# Tutorial: ensemble.py

First, import the required packages

In [1]:
import numpy as np
from ensemble import AdaboostTrees
from ensemble import BaggedTrees
from ensemble import RandomForest

The dataset used is whether someone will play tennis based on weather factors: outlook, temperature, humidity, and wind. These are all categorical variables. The label is binary. Below the dataset is created, as well as the dictionary of possible values each feature can take. Both are required to fit a decision tree. Although it is the same dataset used in the Decision Tree tutorial, the binary label is now {-1, 1} instead of {0, 1} due to the implementation requirements of each ensemble method.

In [2]:
data = np.array([['S', 'H', 'H', 'W', -1],
                ['S', 'H', 'H', 'S', -1],
                ['O', 'H', 'H', 'W', 1],
                ['R', 'M', 'H', 'W', 1],
                ['R', 'C', 'N', 'W', 1],
                ['R', 'C', 'N', 'S', -1],
                ['O', 'C', 'N', 'S', 1],
                ['S', 'M', 'H', 'W', -1],
                ['S', 'C', 'N', 'W', 1],
                ['R', 'M', 'N', 'W', 1],
                ['S', 'M', 'N', 'S', 1],
                ['O', 'M', 'H', 'S', 1],
                ['O', 'H', 'N', 'W', 1],
                ['R', 'M', 'H', 'S', -1]])

Attrs = {
    "Outlook"       : ["S", "O", "R"],
    "Temperature"   : ["H", "M", "C"],
    "Humidity"      : ["H", "N", "L"],
    "Wind"          : ["S", "W"]
}

X = data[:,:-1]
y = data[:,-1].astype(int)

Now that we have the required inputs to construct a decision tree, we can create our ensembles. The algorithms implemented are Adaboost Trees, Bagged Trees, and Random Forests. The practical differences for each model are the definition of the classifier and the perturbation of the original dataset. So, tuning the hyperparameters is a matter of defining the classifier, or in this case, designing the decision tree classifier used as each individual model in the ensemble.
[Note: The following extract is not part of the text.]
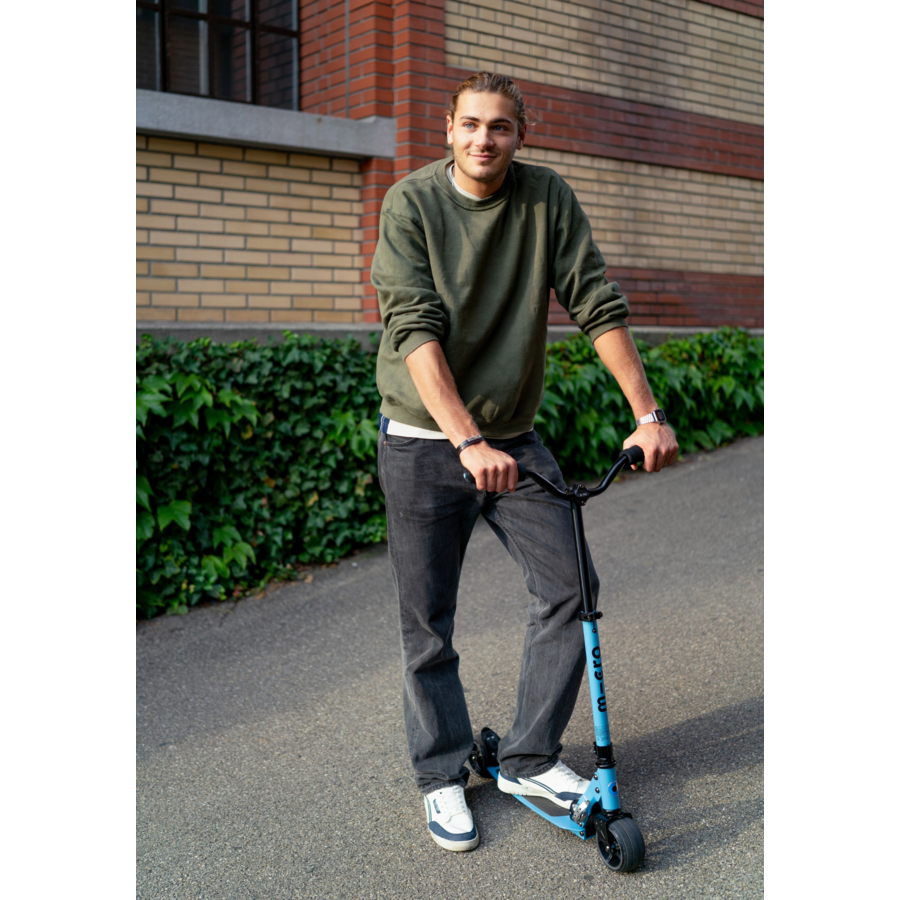 Micro Rocket Deluxe - 2-wheel folding scooter - fat wheels - Alaskan Blue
First, we define a model as 10 boosted decision stumps, the classifier and ensemble size as the default values. With this model, the predictions are computed and compared to the observed labels.

In [3]:
model = AdaboostTrees()

model.fit(X, y, Attrs)

preds = model.predict(X, Attrs)

train_error = 1 - np.mean(preds == y)

print(f"Adaboost Decision Stumps Train Error: {round(100 * train_error, 2)}%")

Adaboost Decision Stumps Train Error: 28.57%


Next, we define a bagged trees model. Defining the model and fitting/predicting is exactly the same as before. This time, we will use an ensemble size of 20.

In [4]:
model = BaggedTrees(n_classifiers=20)

model.fit(X, y, Attrs)

preds = model.predict(X, Attrs)

train_error = 1 - np.mean(preds == y)

print(f"Bagged Decision Trees Train Error: {round(100 * train_error, 2)}%")
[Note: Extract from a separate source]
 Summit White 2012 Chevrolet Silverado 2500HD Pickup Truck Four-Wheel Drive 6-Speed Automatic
Bagged Decision Trees Train Error: 14.29%


Finally, we define a random forest model. Again, defining and using the model is the same as the other ensemble methods.

In [5]:
model = RandomForest()

model.fit(X, y, Attrs)

preds = model.predict(X, Attrs)

train_error = 1 - np.mean(preds == y)

print(f"Random Forest Train Error: {round(100 * train_error, 2)}%")

Random Forest Train Error: 14.29%


This concludes the the tutorial for ensemble.py.